Recently I’ve found batch renormalization paper after investigating instability in training ( fluctuating validation loss) due to small batch size because of memory constraint - high res segmentation task. One option is to freeze or drop the batchnorm layer but the paper states that it substantially improves the training-inference performance. Does anyone have experience with it or a readily available implementation in pytorch ?

Thanks a lot !

I don`t have experience with batch renormalization but a very good alternative is to use gradient checkpointing :
Pytorch : https://pytorch.org/docs/stable/checkpoint.html
Tensorflow : https://github.com/openai/gradient-checkpointing

This allows to create larger batches on higher resolution images to compensate batch norm instability with small batches. Very useful in medical imaging overall.

Group norm (https://arxiv.org/abs/1803.08494) is also a great theoretical alternative but I never found pretrained weights on imagenet using group norm.

3 Likes

Thank you so much

This looks like an interesting avenue, being used by the #1 leader on the current kaggle airbus competition. https://github.com/mapillary/inplace_abn/blob/master/README.md

2 Likes

I’ve seen you on the leaderboard :slight_smile: Let me check that too thanks a lot !

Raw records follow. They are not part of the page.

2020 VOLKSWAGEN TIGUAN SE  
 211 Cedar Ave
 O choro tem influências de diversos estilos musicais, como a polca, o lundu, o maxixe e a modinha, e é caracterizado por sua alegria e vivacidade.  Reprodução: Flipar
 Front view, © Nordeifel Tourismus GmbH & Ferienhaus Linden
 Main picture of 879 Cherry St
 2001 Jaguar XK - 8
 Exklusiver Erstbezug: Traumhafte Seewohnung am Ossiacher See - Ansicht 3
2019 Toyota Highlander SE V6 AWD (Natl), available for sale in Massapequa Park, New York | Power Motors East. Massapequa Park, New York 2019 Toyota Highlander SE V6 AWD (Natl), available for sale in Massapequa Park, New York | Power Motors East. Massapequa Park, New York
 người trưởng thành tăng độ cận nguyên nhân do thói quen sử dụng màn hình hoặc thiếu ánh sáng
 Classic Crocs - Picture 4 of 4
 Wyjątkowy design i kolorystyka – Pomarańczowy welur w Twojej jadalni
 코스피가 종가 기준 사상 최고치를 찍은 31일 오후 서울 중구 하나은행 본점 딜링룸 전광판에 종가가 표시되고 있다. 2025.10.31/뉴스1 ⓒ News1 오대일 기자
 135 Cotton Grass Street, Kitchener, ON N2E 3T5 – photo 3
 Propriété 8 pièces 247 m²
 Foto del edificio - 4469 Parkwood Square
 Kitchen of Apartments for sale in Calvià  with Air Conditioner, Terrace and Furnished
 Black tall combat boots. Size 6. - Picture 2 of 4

I’ve tried their wideresnet deeplab v3 model but I am able to fit even less sample per batch compared to resnet_{18, 34, 50} unet variants.

Did you get good results using inplace abn model in that github repo ? My best model is still single resnet18 Dynamic Unet LB: 0.731 with TTA but unfortunately couldn’t make deeplab v3 to give good results.

Shame it didn’t work. No such luck here either.